* [What you should do]
From the data that follows, copy every line holding the string "Used".

* [Records for the task]
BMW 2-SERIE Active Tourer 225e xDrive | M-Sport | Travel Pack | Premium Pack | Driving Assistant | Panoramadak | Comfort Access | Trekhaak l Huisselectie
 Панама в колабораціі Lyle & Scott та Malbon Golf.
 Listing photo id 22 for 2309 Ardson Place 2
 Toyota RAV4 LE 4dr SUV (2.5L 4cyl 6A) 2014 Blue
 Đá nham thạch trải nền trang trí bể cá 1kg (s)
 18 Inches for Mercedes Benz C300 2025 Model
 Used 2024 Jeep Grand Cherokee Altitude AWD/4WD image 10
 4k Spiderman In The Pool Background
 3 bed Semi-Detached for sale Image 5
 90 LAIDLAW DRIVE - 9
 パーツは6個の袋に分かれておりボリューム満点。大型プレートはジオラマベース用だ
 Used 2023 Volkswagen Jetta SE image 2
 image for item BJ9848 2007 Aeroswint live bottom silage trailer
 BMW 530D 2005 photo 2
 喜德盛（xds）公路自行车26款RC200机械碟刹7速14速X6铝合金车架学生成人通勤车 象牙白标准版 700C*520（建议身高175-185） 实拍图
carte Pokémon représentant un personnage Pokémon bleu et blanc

* [Output of the exercise]
 Used 2024 Jeep Grand Cherokee Altitude AWD/4WD image 10
 Used 2023 Volkswagen Jetta SE image 2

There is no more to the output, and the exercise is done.